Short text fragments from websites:
- - -

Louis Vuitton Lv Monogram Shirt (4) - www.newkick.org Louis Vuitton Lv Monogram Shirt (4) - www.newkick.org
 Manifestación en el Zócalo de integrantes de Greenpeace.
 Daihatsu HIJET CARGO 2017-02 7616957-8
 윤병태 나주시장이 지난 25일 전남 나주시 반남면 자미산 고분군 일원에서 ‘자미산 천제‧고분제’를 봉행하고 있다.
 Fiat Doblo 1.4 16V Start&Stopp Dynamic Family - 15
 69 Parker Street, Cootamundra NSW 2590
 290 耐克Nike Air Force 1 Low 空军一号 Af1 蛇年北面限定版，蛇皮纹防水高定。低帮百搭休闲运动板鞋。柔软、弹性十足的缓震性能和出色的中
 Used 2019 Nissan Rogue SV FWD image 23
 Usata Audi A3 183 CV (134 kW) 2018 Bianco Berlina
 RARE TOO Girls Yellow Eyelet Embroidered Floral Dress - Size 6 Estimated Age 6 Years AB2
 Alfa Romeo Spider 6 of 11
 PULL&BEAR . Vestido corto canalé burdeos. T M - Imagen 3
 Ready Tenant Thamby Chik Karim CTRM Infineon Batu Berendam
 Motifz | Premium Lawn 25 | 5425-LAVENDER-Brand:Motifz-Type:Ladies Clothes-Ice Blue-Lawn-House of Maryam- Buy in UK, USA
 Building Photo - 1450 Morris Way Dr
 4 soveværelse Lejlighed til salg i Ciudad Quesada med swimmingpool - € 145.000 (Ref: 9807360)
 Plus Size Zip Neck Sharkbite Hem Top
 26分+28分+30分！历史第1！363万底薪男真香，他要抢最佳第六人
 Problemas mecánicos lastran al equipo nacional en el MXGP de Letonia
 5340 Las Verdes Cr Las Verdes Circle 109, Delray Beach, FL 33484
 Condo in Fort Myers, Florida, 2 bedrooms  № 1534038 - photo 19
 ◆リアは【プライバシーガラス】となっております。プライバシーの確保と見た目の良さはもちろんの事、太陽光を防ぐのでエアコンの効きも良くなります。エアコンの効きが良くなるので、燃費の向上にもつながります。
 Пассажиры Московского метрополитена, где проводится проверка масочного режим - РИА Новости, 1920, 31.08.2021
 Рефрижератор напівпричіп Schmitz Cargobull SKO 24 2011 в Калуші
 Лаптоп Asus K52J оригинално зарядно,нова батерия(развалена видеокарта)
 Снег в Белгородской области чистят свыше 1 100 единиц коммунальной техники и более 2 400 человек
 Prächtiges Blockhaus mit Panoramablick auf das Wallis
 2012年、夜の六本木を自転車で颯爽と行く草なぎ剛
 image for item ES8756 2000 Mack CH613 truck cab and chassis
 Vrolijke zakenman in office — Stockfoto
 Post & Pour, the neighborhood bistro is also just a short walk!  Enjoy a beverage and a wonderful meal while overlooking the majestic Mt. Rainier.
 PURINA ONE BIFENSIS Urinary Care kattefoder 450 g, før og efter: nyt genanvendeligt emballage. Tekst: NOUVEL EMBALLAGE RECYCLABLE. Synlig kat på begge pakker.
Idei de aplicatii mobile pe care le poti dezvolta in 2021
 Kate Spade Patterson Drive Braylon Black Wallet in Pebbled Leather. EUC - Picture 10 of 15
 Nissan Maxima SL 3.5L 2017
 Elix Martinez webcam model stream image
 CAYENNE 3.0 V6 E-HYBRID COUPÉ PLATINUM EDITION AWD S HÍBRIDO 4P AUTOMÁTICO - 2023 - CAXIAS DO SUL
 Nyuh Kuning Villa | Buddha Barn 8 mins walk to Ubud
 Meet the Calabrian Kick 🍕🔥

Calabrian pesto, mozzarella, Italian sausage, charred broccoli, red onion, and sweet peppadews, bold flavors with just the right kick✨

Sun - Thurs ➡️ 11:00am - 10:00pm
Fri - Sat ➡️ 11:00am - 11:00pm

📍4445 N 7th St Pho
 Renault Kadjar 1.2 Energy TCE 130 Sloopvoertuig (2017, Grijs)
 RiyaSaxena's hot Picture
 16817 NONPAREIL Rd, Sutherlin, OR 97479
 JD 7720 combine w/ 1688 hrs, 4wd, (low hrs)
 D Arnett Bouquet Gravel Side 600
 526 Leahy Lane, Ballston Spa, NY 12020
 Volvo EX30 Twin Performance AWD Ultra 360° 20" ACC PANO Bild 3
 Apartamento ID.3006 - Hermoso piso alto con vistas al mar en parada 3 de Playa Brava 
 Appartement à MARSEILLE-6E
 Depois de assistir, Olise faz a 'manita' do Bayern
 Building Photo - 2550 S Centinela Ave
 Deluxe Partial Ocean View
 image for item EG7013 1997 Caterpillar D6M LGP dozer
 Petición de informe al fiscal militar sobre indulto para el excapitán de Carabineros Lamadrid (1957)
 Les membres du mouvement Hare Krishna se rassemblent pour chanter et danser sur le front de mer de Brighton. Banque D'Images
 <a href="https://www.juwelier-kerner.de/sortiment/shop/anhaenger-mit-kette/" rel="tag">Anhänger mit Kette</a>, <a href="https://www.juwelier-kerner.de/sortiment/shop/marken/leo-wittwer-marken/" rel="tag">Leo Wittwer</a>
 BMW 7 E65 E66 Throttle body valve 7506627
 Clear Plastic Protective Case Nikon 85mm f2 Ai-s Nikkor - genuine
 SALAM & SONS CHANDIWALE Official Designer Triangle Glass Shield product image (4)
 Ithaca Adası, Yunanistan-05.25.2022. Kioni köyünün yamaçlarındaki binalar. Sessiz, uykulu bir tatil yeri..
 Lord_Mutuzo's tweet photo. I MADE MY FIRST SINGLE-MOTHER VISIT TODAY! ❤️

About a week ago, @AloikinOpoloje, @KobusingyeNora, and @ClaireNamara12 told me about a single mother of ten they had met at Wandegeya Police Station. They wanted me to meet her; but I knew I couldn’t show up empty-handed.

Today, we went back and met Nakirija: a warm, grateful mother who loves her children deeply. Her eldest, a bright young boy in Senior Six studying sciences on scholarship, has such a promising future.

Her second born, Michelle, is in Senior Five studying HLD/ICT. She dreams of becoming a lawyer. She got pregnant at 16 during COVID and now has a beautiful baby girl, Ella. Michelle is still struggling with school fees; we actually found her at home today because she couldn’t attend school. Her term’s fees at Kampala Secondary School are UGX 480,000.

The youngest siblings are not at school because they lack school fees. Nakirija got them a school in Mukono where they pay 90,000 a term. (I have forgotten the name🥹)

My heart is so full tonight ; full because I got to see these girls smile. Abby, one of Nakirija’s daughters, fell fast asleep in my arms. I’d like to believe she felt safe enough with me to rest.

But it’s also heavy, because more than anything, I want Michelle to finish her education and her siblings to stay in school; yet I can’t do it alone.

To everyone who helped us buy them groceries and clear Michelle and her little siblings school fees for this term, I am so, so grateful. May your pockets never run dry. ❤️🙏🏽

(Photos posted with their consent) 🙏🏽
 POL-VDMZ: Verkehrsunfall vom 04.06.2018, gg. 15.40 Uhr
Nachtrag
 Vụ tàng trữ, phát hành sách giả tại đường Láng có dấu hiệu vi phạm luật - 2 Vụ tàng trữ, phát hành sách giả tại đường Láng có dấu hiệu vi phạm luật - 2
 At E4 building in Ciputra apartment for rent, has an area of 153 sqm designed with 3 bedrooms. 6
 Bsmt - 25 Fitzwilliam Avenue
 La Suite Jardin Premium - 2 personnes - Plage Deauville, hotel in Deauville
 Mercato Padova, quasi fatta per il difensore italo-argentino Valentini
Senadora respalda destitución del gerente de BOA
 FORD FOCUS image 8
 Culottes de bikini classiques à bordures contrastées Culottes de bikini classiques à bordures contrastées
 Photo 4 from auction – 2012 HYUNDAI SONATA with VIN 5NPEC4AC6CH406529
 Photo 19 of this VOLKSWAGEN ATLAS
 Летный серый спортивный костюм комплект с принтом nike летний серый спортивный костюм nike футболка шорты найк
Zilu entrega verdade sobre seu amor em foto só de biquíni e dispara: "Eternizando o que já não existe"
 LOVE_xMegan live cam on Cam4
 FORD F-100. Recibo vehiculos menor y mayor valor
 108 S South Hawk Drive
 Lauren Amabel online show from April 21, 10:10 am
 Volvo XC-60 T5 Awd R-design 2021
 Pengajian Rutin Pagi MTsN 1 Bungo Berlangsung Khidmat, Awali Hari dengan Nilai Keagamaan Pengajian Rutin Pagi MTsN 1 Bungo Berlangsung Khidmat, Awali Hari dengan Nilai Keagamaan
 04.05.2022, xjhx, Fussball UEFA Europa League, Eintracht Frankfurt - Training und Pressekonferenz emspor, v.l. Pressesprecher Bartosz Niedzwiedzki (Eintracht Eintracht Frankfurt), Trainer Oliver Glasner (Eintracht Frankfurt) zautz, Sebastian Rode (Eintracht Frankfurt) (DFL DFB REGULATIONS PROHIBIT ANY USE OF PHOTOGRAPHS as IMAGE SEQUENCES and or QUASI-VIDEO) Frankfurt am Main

- - -

= What the task asks =
Retype the portion of the data above that starts on the line with "Volvo XC-60 T5 Awd R-design 2021" and finishes on the line with "Nilai Keagamaan Pengajian", including both of those lines.

= Worked solution =
 Volvo XC-60 T5 Awd R-design 2021
 Pengajian Rutin Pagi MTsN 1 Bungo Berlangsung Khidmat, Awali Hari dengan Nilai Keagamaan Pengajian Rutin Pagi MTsN 1 Bungo Berlangsung Khidmat, Awali Hari dengan Nilai Keagamaan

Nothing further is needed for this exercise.